Le 15 août 1832 le pape Grégoire XVI condamne par l’encyclique Mirari Vos les positions du journal l’Avenir et le ralliement de ses rédacteurs au libéralisme, les revendications de séparation complète de l’Eglise et de l’Etat, et le fait que la religion doit rester une affaire privée. Montalembert et Lacordaire renoncent devant la condamnation papale. Lamennais continuera le combat, on le verra même au moment de l’offensive contre l’enseignement public en 1850, rejoindre les positions de Victor Hugo contre la loi Falloux.
Marceau écrit :
« La peur du « spectre
rouge », la menace du « socialisme » va bientôt différencier les classes
sociales selon un dispositif nouveau: une fois encore, l’Église catholique va
se porter au secours de la classe dominante contre la classe révolutionnaire;
mais une fois encore, comme on l’a vu au cours de la Révolution française
lorsque le petit clergé bénissait les arbres de la liberté, les contagions et
les élans vers l’avenir se manifestent jusque dans les rangs des croyants sincères,
qui ouvrent les yeux sur le rôle de leurs supérieurs de l’Église romaine, et
osent le dire.

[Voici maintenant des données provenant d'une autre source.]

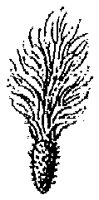 HPN061BG.TIF
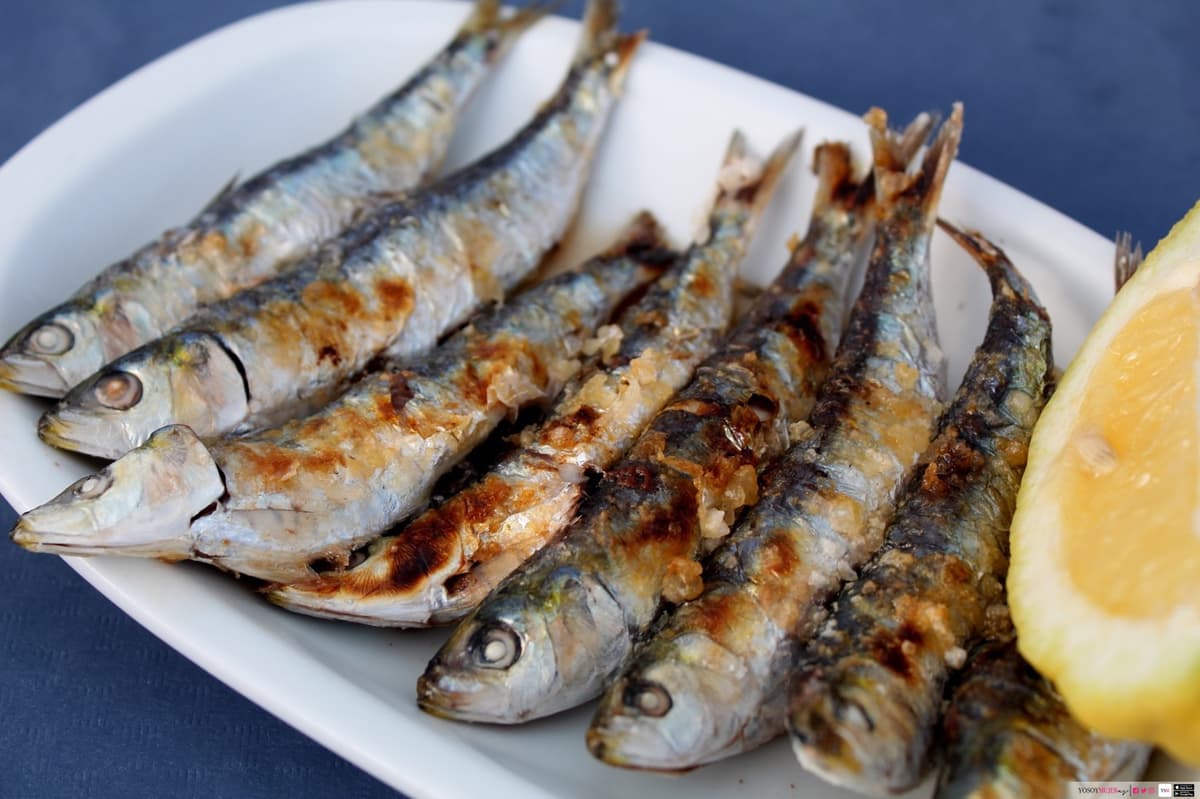Things to do in Malaga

L’un des exemplaires les plus admirables de ce genre de
chrétiens c’est Lamennais, ce « bonnet rouge planté sur la croix » ainsi que le
décrivait notre bon maître Bouglé. Lamennais, comme Flora Tristan, répétera que
le peuple, pour se libérer, doit s’unir (Flora Tristan appelait cette condition
indispensable l’union ouvrière). Et du premier coup, l’ardent orateur
catholique posera la question cruciale que les travailleurs catholiques auront
à résoudre de notre temps, et aussi les travailleurs staliniens : s’unir en
tant que classe et non plus en fonction des croyances et des frontières
confessionnelles et des Eglises… Lamennais ira même jusqu’à souhaiter, au même
titre que Babeuf, en face des iniquités monstrueuses qui révoltaient sa
conscience de chrétien, l’avènement d’un nouveau Spartacus pour diriger le
combat libérateur des classes opprimées… En contrepartie de cette attitude solidaire des exploités et opprimés,
la grande bourgeoisie va se précipiter dans les bras du Vatican dès les
premiers combats entre la classe ouvrière et le patronat capitaliste. »

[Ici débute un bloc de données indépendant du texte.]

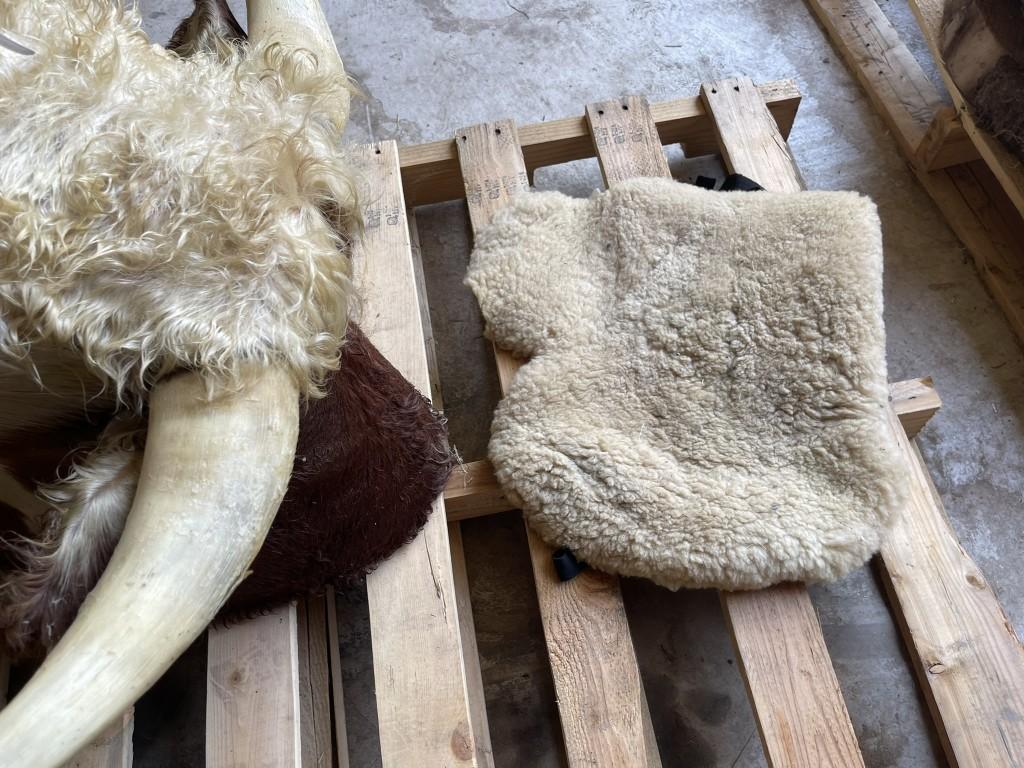 SHEEPSKIN HIDE, APPROX. 25'' X 20'', AND (1) HEREFORD BULL HEAD MOUNT, 29.5'' HORN SPREAD WITH BULL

Surveillé par la police de Bonaparte, condamné par les autorités ecclésiastiques, Lamennais meurt en 1854 dans le dénuement le plus extrême. Son enterrement civil fit l’objet d’une manifestation populaire réprimée par le pouvoir impérial.
Nous rappelons cette prise de position, mais qui pour Marceau résonne dans l’actualité. Le dernier texte [33] qu’il écrit quelques semaines avant de mourir est une position anticolonialiste claire pour l’indépendance de l’Algérie. Toutefois, comme pour les trotskystes, ses sympathies vont plutôt à un dirigeant issu du mouvement ouvrier algérien, Messali Hadj, plutôt qu’au FLN. A l’époque une partie de la hiérarchie catholique, des militants chrétiens issus de l’ACO (Association Catholique Ouvrières) et du syndicalisme confessionnel s’engage dans l’activité du réseau Jeanson-Sartre des porteurs de valises en soutien au FLN.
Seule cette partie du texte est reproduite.